Well, I understand both reactions. I know how deeply satisfying and supportive it can be to find that you're not alone and that you're not all wrong. I also know what it's like to build expectations that aren't met and to have those expectations challenged and to see them fall apart. I've been in both places.

I'll just say that it is important to me to recognize the realities of human nature and of the physical body, and that the limitations of both our physical and our emotional nature are part of the spiritual path. I've learned, to my delight, that it's even possible to have considerable spiritual progress come as a result of just being who I am in the body that I happen to have. I think this is an important part of an incarnational approach to my faith.

I'm remembering an article that I read some time ago written by some sociologists who went to India to do psychological testing on men and women who were recognized by their communities to be enlightened people, people of real spiritual realization and knowledge. They wanted to explore the ways in which significant spiritual development affects personal development and psychological functioning. The results of the testing were quite a surprise to them. The tests indicated very little in the way of extraordinary changes in personality structure. These paragons of spirituality couldn't actually be told from everyone else in psychological terms. They were just are neurotic as most people, and their spiritual development hadn't changed that. They were, in a word, ordinary people. What was different about them was the way in which they were able to accept themselves. They saw all sorts of faults in themselves and difficulties in the ways in which they functioned, but they also had kindness and patience with themselves, and of course as a result of this they had kindness and patience with everyone else. They also had a good deal of humor. They had a perfectly normal amount of idealism, and they also knew what it is like to live with ideals that are never achieved. They were both deeply devoted spiritual men and women and also comfortable with being ordinary people, and this made them extraordinary people.

I think that the good news of the spiritual pilgrimage is that among the things we discover in our journey is who we really are, and what what we develop includes an ability to accept and treasure who we are because it is God's gift to us. And this very discovery means big changes get made, energy gets liberated, discoveries come to us. Big things happen on our spiritual journeys, but they are almost inevitably things we weren't expecting, or even wanting.

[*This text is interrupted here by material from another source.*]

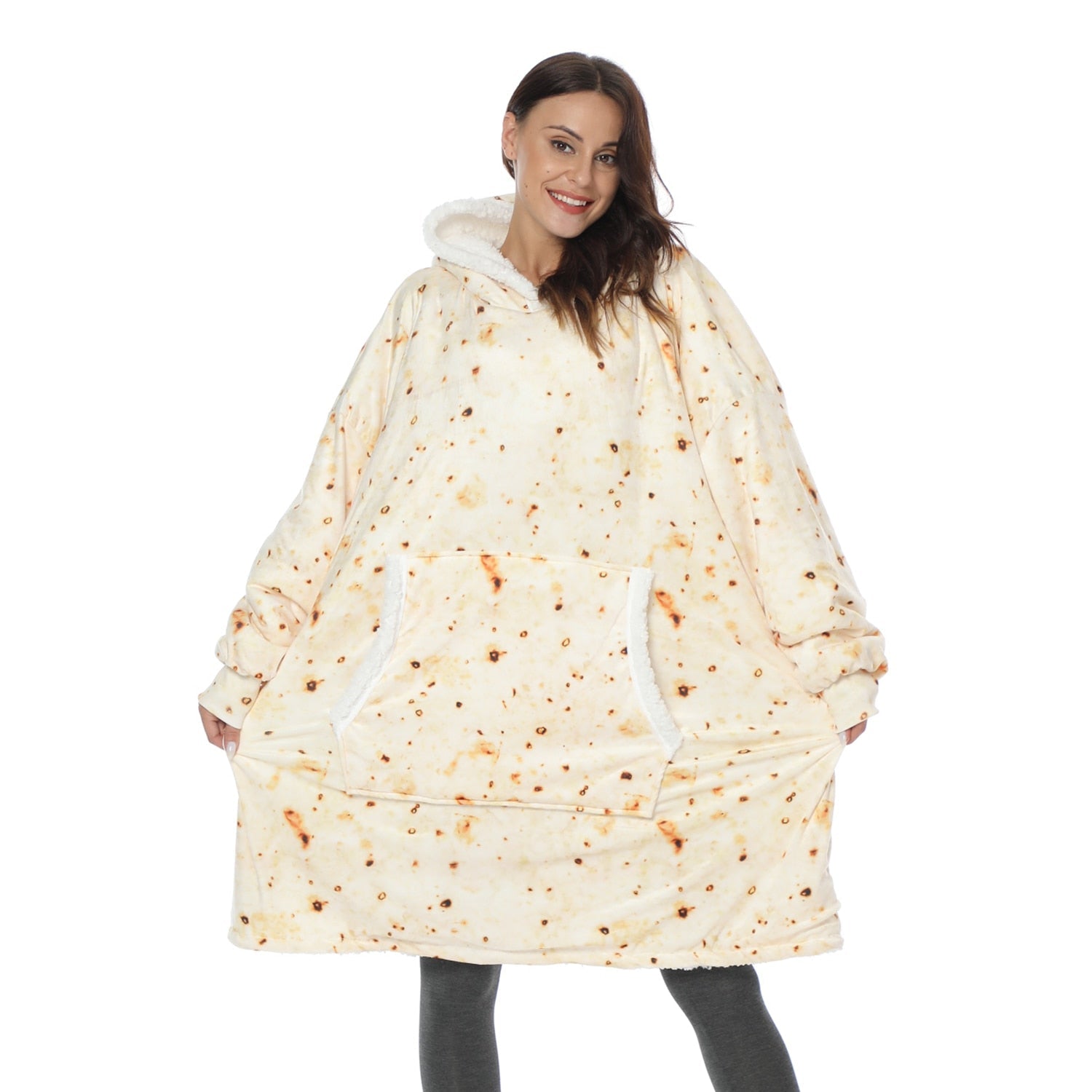 Adōre Hoodie & Deken | Heerlijke Combinatie van een Zachte Hoodie en Comfy Deken in één!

I was told by my Novice Master years ago that the secret to discovering a vocation in the monastic life was to know that you wouldn't get any of the things that you hoped to get in this life. It was certainly true. I had to discover how unrealistic and unhelpful most of what I had hoped for was, and to let those fantasies go. The big gift in all of that was that I also discovered that what I got in this community was a whole lot better that what I wanted. My vocation has indeed been a big surprise gift. And I'm not the only one with this experience. Perhaps this is the truth of any relationship. The journey to God is like that for us all. And now that I'm getting old and have been here a long time, I'm even discovering that some of the things I wanted to begin with are beginning to come to me. They're coming in ways that I wouldn't have dreamed of and in forms that I wouldn't have wanted originally, but they're coming.

God is very surprising. And very good.